::: Records for this exercise :::

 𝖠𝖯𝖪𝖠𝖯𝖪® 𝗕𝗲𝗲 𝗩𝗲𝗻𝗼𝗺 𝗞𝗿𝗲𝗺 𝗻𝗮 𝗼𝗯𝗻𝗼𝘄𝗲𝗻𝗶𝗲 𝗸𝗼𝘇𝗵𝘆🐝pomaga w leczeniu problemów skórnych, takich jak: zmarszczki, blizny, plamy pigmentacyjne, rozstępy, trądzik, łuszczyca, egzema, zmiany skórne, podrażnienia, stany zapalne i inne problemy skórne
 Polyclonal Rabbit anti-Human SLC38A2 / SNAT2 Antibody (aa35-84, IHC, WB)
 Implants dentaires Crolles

:::
::: Records for this exercise :::

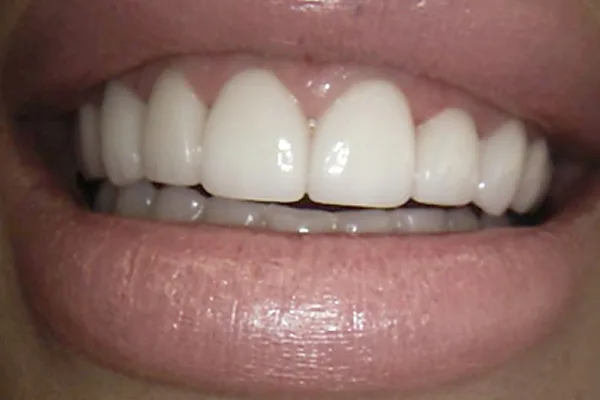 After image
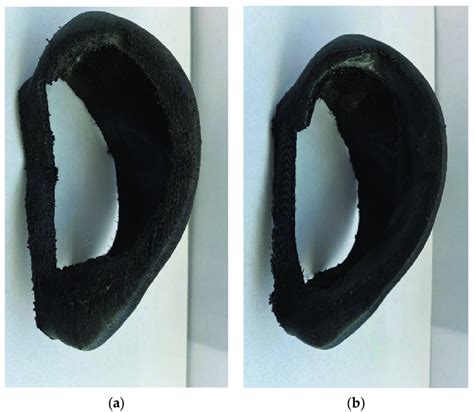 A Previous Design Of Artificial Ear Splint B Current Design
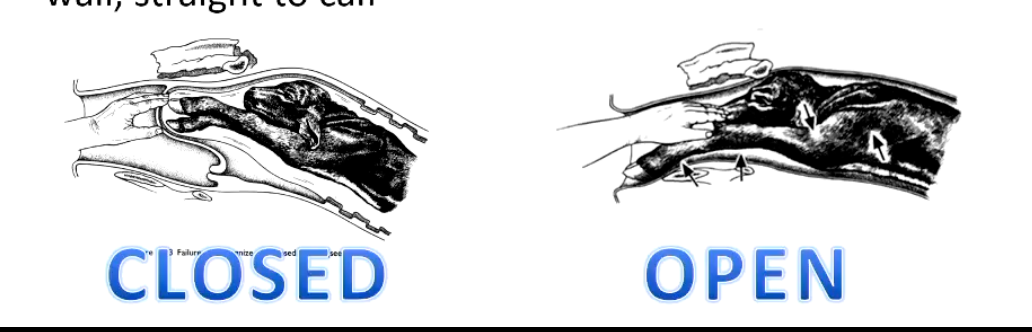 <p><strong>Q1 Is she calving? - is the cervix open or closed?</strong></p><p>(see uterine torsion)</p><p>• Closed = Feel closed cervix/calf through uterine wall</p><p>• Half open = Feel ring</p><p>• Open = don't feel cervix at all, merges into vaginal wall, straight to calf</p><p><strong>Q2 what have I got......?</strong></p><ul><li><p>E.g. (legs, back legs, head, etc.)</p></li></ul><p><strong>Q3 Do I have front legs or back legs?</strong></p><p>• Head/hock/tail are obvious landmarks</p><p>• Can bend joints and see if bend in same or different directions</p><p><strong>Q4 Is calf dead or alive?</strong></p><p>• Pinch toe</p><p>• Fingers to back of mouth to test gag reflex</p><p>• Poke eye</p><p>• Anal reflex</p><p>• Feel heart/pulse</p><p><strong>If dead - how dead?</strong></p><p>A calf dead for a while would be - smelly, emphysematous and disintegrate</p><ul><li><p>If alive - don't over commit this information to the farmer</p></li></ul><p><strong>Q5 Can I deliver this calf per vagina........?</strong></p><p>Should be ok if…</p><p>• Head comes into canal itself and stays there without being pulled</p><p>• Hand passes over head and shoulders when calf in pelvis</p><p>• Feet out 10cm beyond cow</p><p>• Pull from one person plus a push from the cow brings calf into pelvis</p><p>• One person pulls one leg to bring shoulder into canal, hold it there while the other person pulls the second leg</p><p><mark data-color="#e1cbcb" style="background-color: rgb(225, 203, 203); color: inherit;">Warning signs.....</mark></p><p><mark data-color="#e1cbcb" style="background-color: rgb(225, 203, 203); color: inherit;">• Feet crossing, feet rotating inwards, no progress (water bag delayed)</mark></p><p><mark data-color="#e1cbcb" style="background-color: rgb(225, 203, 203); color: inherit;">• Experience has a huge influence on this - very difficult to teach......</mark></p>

:::

## [What is needed]
Take the material above from the line containing "After image" up to and including the line containing "A Previous Design" and retype it exactly, without any pictures.

## [Problem solution]
 After image
 A Previous Design Of Artificial Ear Splint B Current Design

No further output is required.